As so much of the spiritual literature says: we are not limited to five slits in the tower—meaning that we don't just see the world through the five sense organs. To me, it's very obvious that consciousness is not a byproduct of the brain, produced by a complex set of neurons. It's something that's pervading the whole universe. It's there in the whole body, in all living systems, probably all the way down to the quantum level. We are living in a universe that itself is conscious. And so, we can open the roof to the sky. In creativity you open up—you have a possibility to open the roof to the sky. Then you're no longer alone. I had these moments as a young musician in concert—a sensation of being part of a larger universe. You have united with something larger than yourself.

I believe that these things will give us a new paradigm of a universe that is connected. We are far more interconnected to one another and to all elements than we ever thought. A friend who I admired very much, Jonas Salk, said that a new paradigm in science and in society is like a response of the immune system, because it enables you to think in ways that are more adapted to coping with new problems. So, if this paradigm would begin to penetrate into society, we would have more solidarity, more humanity, and a better relationship to nature and to each other, because we would recognize what William James said in The Varieties of Religious Experience—that we are separate on the surface but connected in the deep. Or what Buddhists know—that we are connected to the cosmos.
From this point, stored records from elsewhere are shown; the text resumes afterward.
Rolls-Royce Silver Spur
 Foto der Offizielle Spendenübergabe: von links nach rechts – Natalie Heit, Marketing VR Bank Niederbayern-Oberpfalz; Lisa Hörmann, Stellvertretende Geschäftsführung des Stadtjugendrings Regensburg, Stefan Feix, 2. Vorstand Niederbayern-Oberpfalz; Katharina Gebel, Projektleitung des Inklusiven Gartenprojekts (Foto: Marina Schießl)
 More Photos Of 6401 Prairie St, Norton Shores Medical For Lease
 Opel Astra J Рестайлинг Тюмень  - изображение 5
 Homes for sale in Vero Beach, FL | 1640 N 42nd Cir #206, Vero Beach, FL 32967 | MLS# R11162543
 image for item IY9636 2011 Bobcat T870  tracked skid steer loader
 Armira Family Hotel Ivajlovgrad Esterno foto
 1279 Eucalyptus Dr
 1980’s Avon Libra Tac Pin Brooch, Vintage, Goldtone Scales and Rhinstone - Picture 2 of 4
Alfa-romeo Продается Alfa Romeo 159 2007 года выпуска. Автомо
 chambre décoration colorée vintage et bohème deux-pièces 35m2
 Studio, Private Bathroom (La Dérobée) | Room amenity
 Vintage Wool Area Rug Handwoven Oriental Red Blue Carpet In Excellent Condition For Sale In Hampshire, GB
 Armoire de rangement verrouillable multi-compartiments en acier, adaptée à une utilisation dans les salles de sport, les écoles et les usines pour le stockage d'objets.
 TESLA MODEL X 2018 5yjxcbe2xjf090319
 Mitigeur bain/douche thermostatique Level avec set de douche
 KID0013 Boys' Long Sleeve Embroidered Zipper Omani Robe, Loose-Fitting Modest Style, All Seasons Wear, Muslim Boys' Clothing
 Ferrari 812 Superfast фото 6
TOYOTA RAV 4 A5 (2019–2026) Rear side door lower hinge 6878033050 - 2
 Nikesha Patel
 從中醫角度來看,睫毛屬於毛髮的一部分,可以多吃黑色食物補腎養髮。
It's also what I think Jesus meant when he said, “You have to love each other, as I love you, because you are all part of the same.” All of the great prophets have said this. But we've lost this interconnectedness in our fascination with technology, the economy, and power itself. Recognizing the subtle element connecting all of nature and its effect on our mind, our consciousness, could go a long way toward making us more human—and by the way, help us to survive the crisis that we are now facing.